Setup a tensorflow environment,
conda create -n yoloret python=3.9
conda activate yoloret
conda install -c anaconda tensorflow-gpu
Install additional packages
conda install -c anaconda pillow
conda install -c conda-forge opencv
conda install tqdm
pip install --upgrade neural_structured_learning
Download and extract the VOC 2007 and 2012 dataset as shown below
wget https://pjreddie.com/media/files/VOCtrainval_11-May-2012.tar
wget https://pjreddie.com/media/files/VOCtrainval_06-Nov-2007.tar
wget https://pjreddie.com/media/files/VOCtest_06-Nov-2007.tar
tar -xf VOCtrainval_11-May-2012.tar
tar -xf VOCtrainval_06-Nov-2007.tar
tar -xf VOCtest_06-Nov-2007.tar
We have provided label lists in the folder data_paths
which can be directly adapted to prepare data for training and evaluation.

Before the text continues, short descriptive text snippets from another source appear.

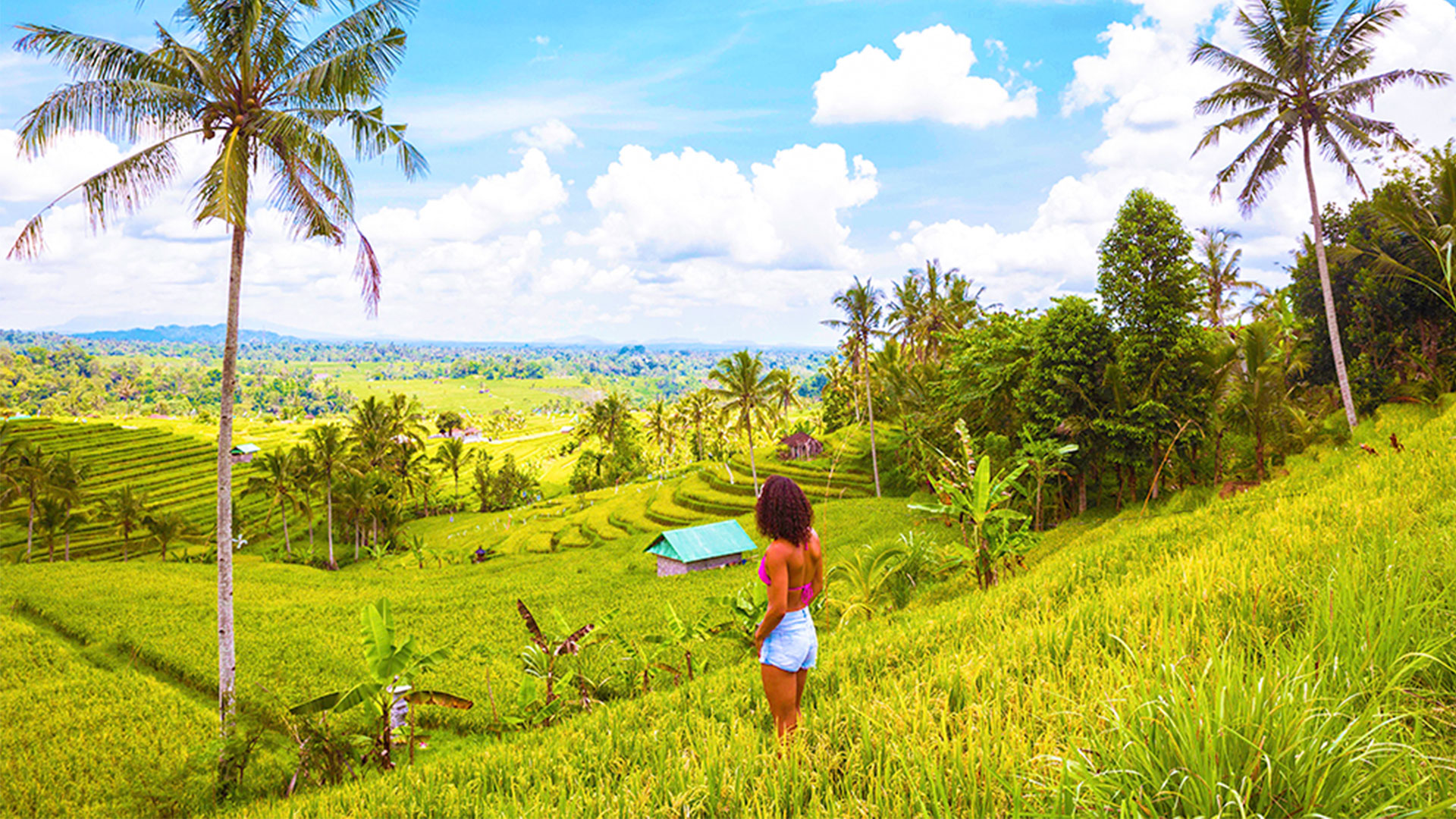 Premium Experience In Bali
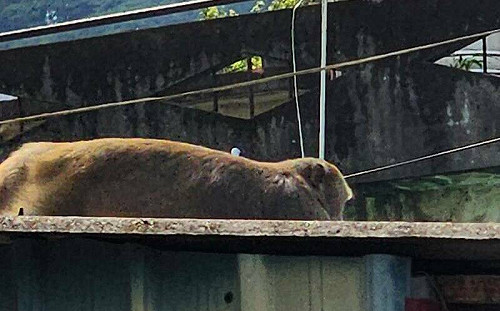 新北中和出現獼猴！動保處揭「現蹤原因」籲：不餵食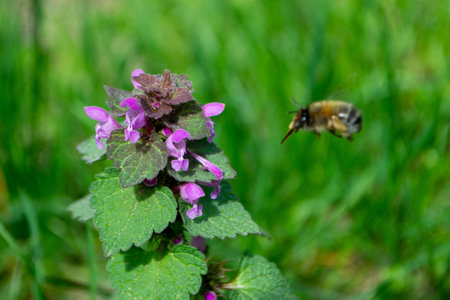 Beautiful flower on clover in nature. Collection and preparation of medicinal plants in summer. Girl...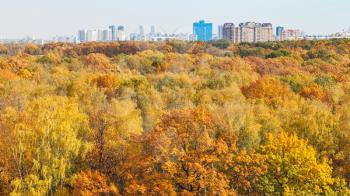 panoramic view of yellow city park with residential buildings on sunny autumn day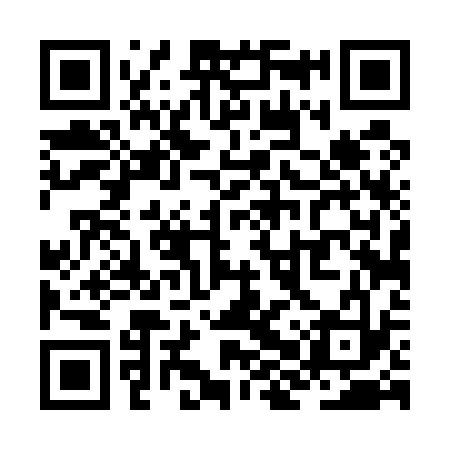 QR code for ZHT533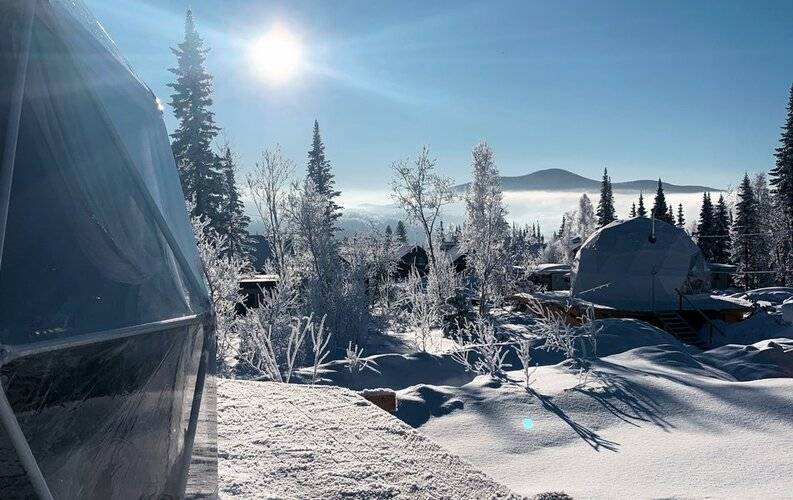 DzenDome (ДзенДом)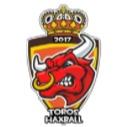 Toros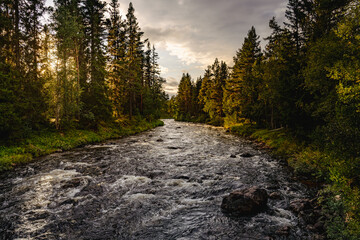 Warm sunlight filtering through the pine trees as Storån river flows gently in Dalarna Sweden, creating a peaceful atmosphere on this beautiful Nordic summer evening
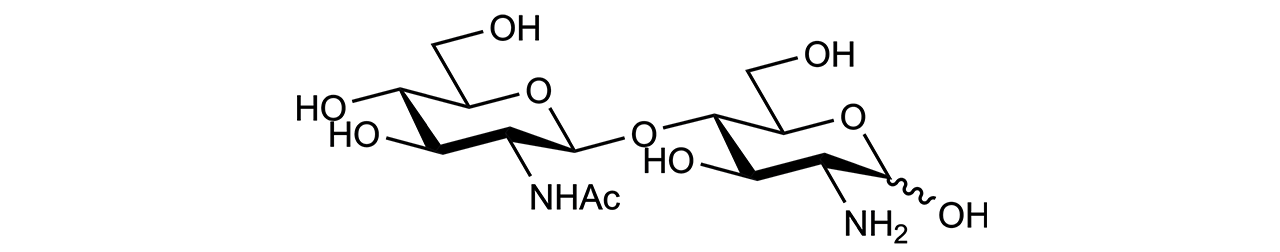 1,4-beta-D-N-Acetylglucosaminyl-D-Glucosamine (O-CHIN2A) 1,4-beta-D-N-Acetylglucosaminyl-D-Glucosamine (O-CHIN2A)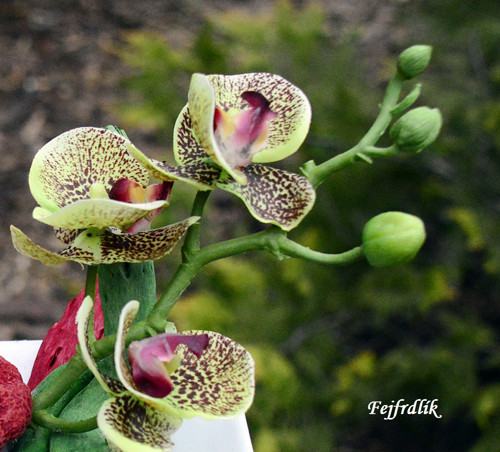 Ty jsi má orchidej..:) — foto 2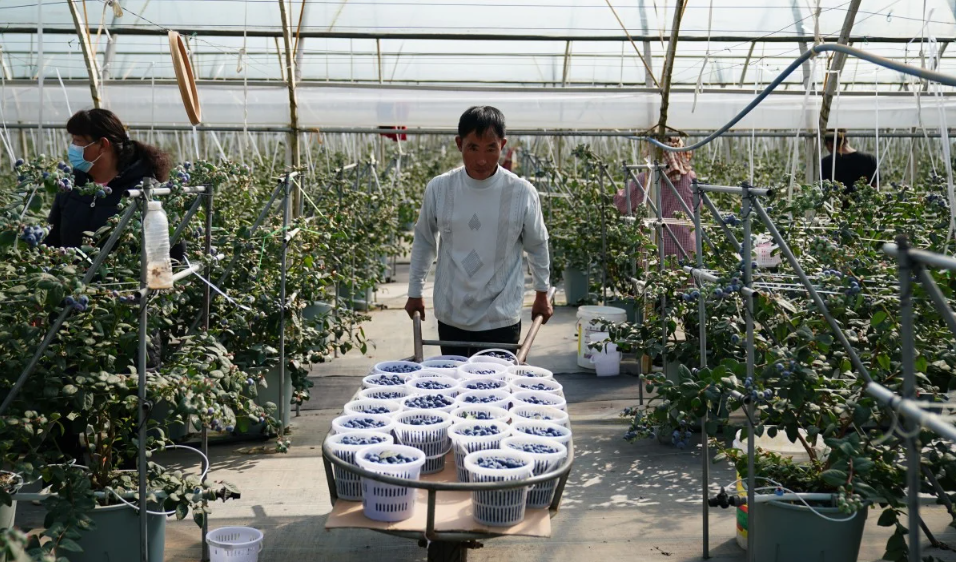 Trung Quốc đẩy mạnh xuất khẩu việt quất sang Đông Nam Á nhờ mạng lưới logistics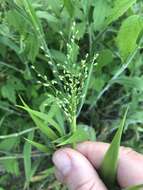 Image of Broom Rosette Grass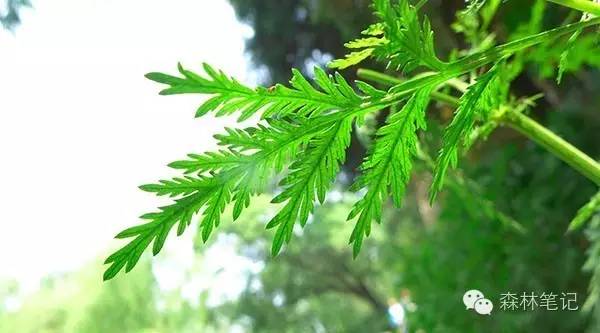 清华地理笔记,黄花蒿与野艾蒿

python update_voc_path.py "/path/to/VOC/dataset/"
COCO dataset needs to be downloaded directly from the official website : https://cocodataset.org/#download
Download the 2017 Train Images
, 2017 Val Images
and 2017 Train/Val annotations
.
We have provided label lists in the folder data_paths
which can be directly adapted to prepare data for training and evaluation.
python update_coco_path.py "/path/to/COCO/dataset/"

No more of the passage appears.